The origins of Deep Tech Los Angeles started when I was a label partner with Krafted Music. I developed the brand while I was at Toolroom Academy with Miles Shackleton to be the US/Los Angeles wing of Krafted Music. The primary focus was to tap into the underground sounds of Los Angles through various compilation releases.
At some point, the goals of Krafted Music and myself didn’t align so I left Krafted and took the brand with me and created it as its own label with label partner William Tejada. Since then, the mission of Deep Tech Los Angeles Records has expanded to be an international underground house music label.
Last year saw DTLA Records dropped a number of sensational tunes and a few compilations as well including Deep Tech Lockdown Sessions and Deep Tech Miami. Is there anything specific you look for?
In terms of what we look for, I would say we start with the music. Is the production of the track up to the standard we set for all our tracks? Does that track have an identity? Would I play it in one of my sets? We have a demo submission page for tracks on the website.
Over the years you’ve gained some serious knowledge between your own experience as an artist and time spent at Toolroom Academy. Looking back, what was the biggest piece of advice you’ve received so far in your career that you’d pass on to other aspiring artists?

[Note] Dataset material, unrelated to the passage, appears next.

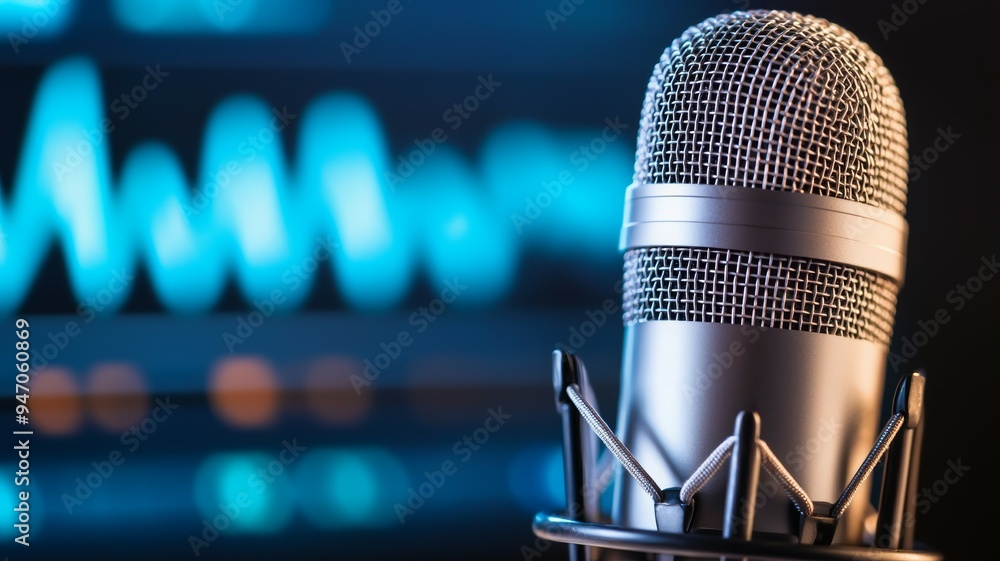 Poster a microphone is sitting on a stand in front of a computer monitor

One thing I really admire about Toolroom has been its ability to function as a business for close to 20 years. I recall one conversation I had with Stuart Knight when I visited Toolroom HQ in Maidstone. I asked him “what is the secret to Toolroom’s success?”. He flat out said – “Consistency”. We have adopted that into how we approach everything at Deep Tech Los Angeles Records.
Looking back on 2020, what was your experience like facing the pandemic head-on? Obviously, no shows could happen, so how did you adjust your own plans to pivot with the changes?
I was literally packed and about to leave for the airport last March for Miami Music Week when we canceled our trip. I had seven gigs booked for that week and was extremely excited about it. Once the gravity of the pandemic set in, we started with our livestream strategy and then started the “Deep Tech Loft Party”. That was probably our biggest adjustment. We stayed the course with our releases.
Now that the new year is in full swing, what are some of the goals you have for 2021 and beyond? Are there any plans for livestreams, big releases, or anything else in the coming months?
Big releases forthcoming on Incorrect, Toolroom, Freakin909, and Deep Tech Los Angeles Records. And the start of our residency in Las Vegas and festival news will be coming soon.